Ближе стоявшие Блоки не видели моей главной особенности: рассеянный, а – видит; говорит гладко – а мимо; во что вперен – о том молчит; слово – велосипед, на котором, не падая, лупит по жизни; а ноги – изранены. <…>
Через головы всех читателей считаю нужным сказать это сплетницам, исказившим суть моих отношений с Блоком; поздней мой друг (видный критик <Иванов-Разумник>) признался мне: выслушав в свое время ходившие обо мне легенды, почувствовал он неприязнь ко мне, которую перенес и в печать; никто не понял, что под коврами гостиных, которые мы попирали, уж виделась бездна; в нее должен был пасть: Блок – или я; я ведро не пролитой еще крови прятал под сюртуком, и болтая, и дебатируя. <…>
Всё – мелочи, меркнущие перед объяснением с Щ. и с Блоком.

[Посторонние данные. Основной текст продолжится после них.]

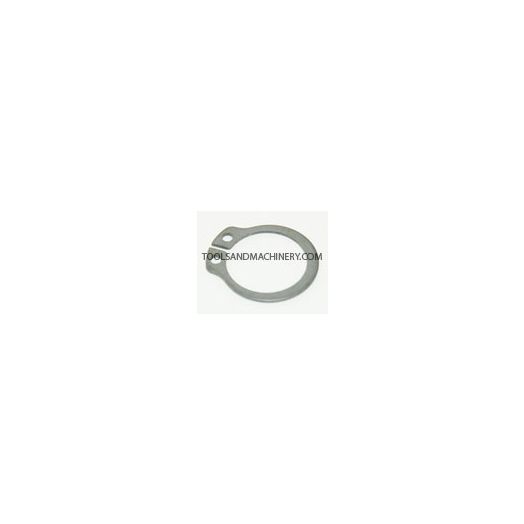 2916650006 Retaining Ring - Bosch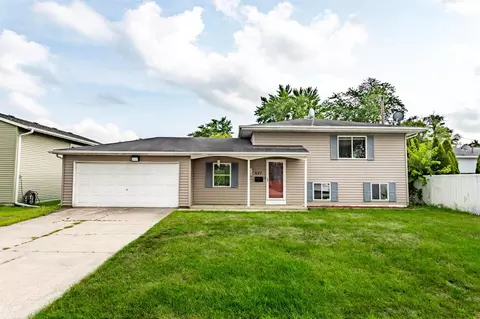 627 E 39th Ln, Griffith, IN 46319 photo 24
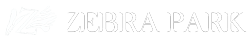 Zebra Logo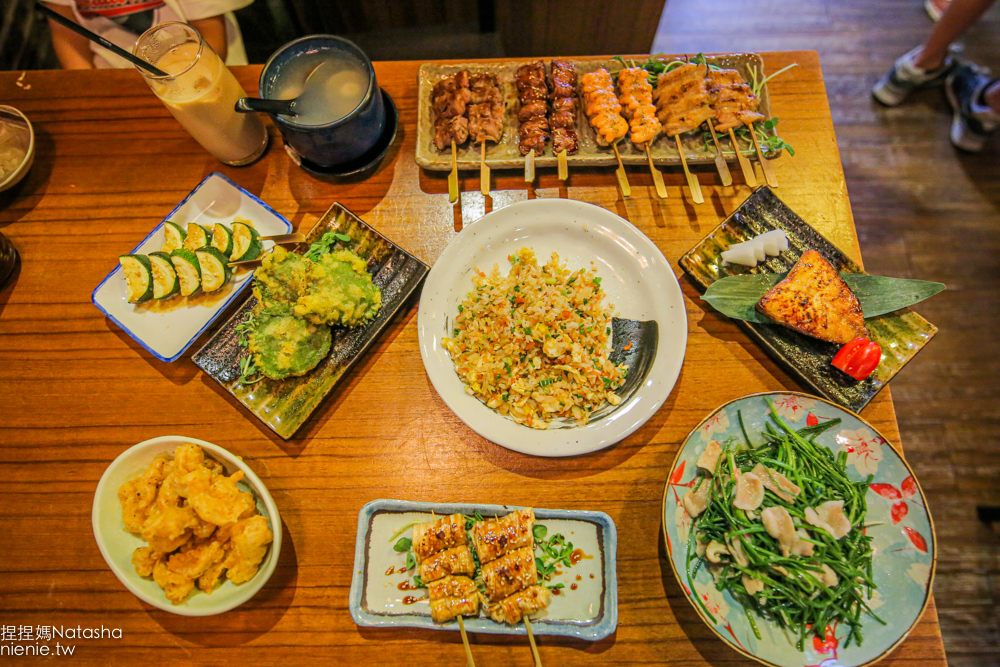 碧潭一日遊 碧潭景點攻略|碧潭秘境、碧潭美食碧潭景觀餐廳推薦、碧潭天鵝船、碧潭住宿推薦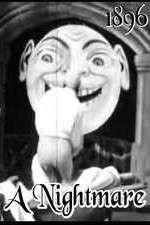 Watch Le cauchemar 9Movies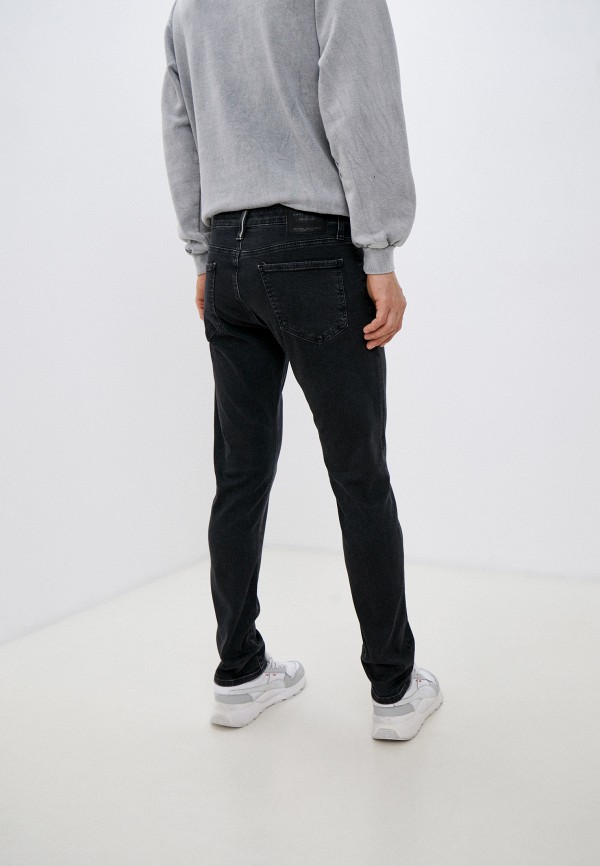 фото Джинсы mavi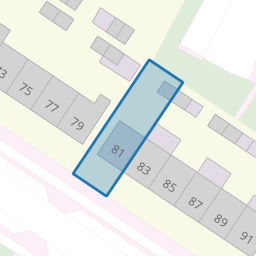Perceel PMR00-D-1902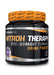 BioTechUSA Nitrox Therapy, Cranberry - 340 grams | High-Quality Pre & Post Workout | MySupplementShop.co.uk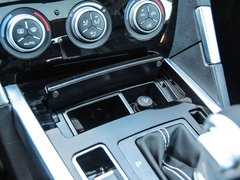 2018款 蓝标H7 2.0T 自动悦享型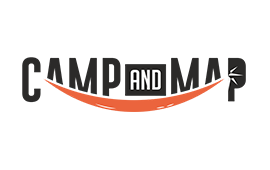 www.campandmap.com e ticaret sitesi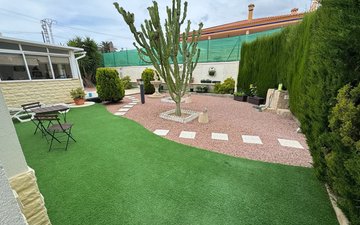 Property slide 9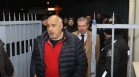 Бившият шеф на полицията, който арестува Борисов, става част от "Промяната"
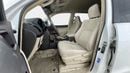 Toyota Land Cruiser EXR | Guaranteed Warranty | 0 Down Payment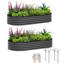 Planter Box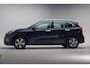 Kia Niro Hybrid 1.6 GDi DynamicLine Aut. [ Navi Camera Adapt.cruise ]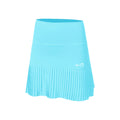 Ripley Skirt Women-Blue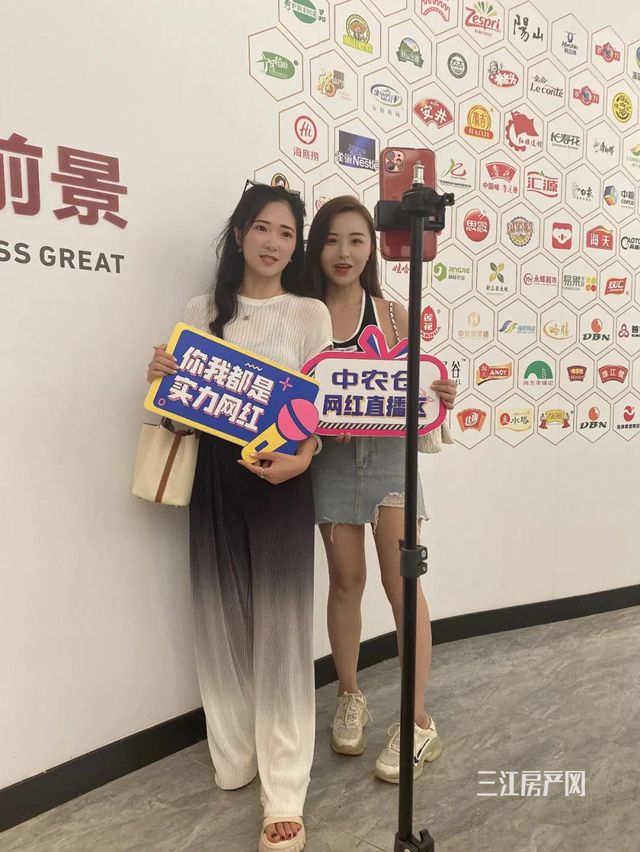 图片18_副本.jpg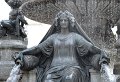 XDSC_0554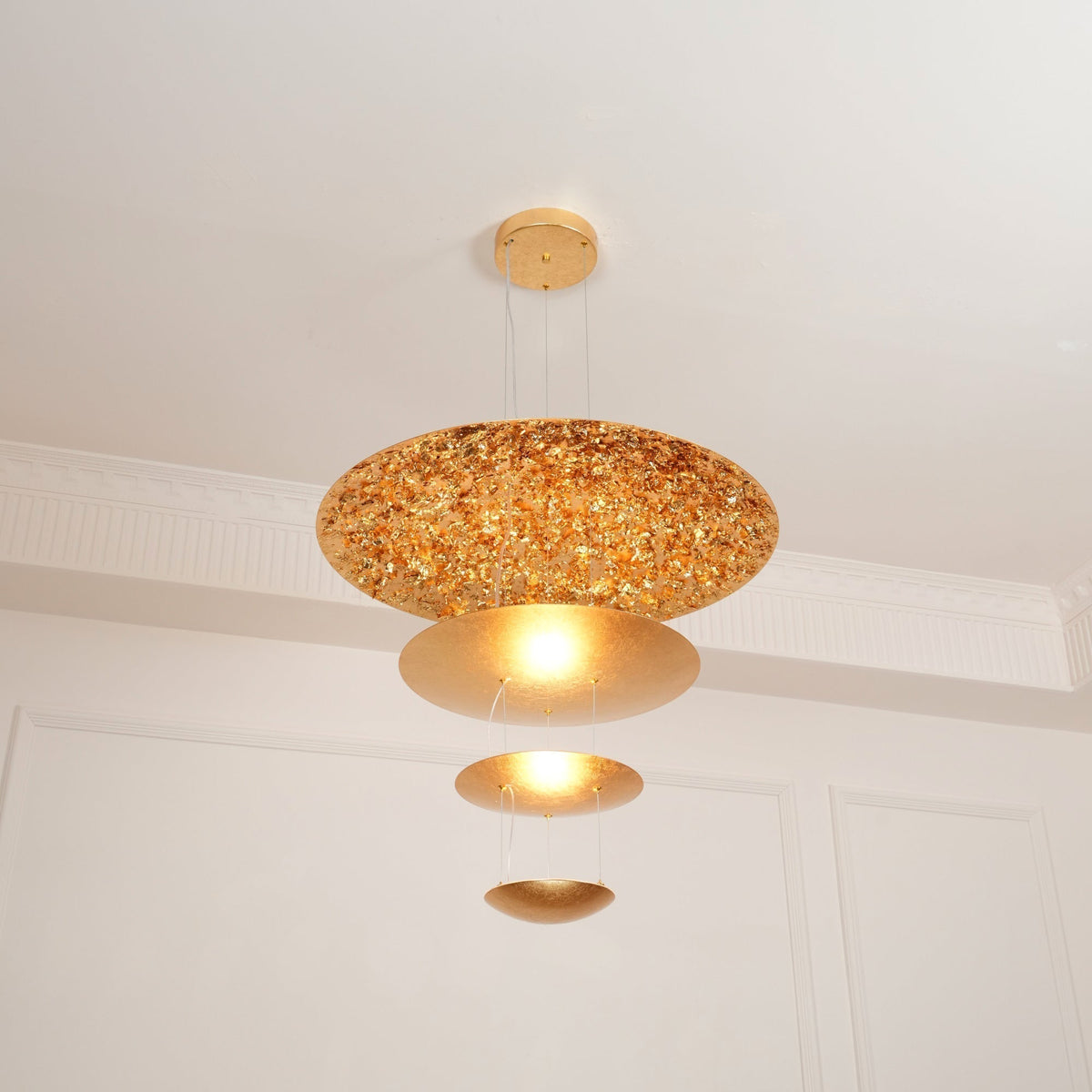 Norenelle Chandelier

Щ. призналась, что любит меня и… Блока; а – через день: не любит меня и Блока; еще через день: она – любит его, – как сестра; а меня – “по-земному”; а через день – всё – наоборот; от эдакой сложности у меня ломается череп; и перебалтываются мозги; наконец: Щ. любит меня одного; если она позднее скажет обратное, я должен бороться с ней ценой жизни (ее и моей); даю клятву ей, что я разнесу все препятствия между нами иль – уничтожу себя.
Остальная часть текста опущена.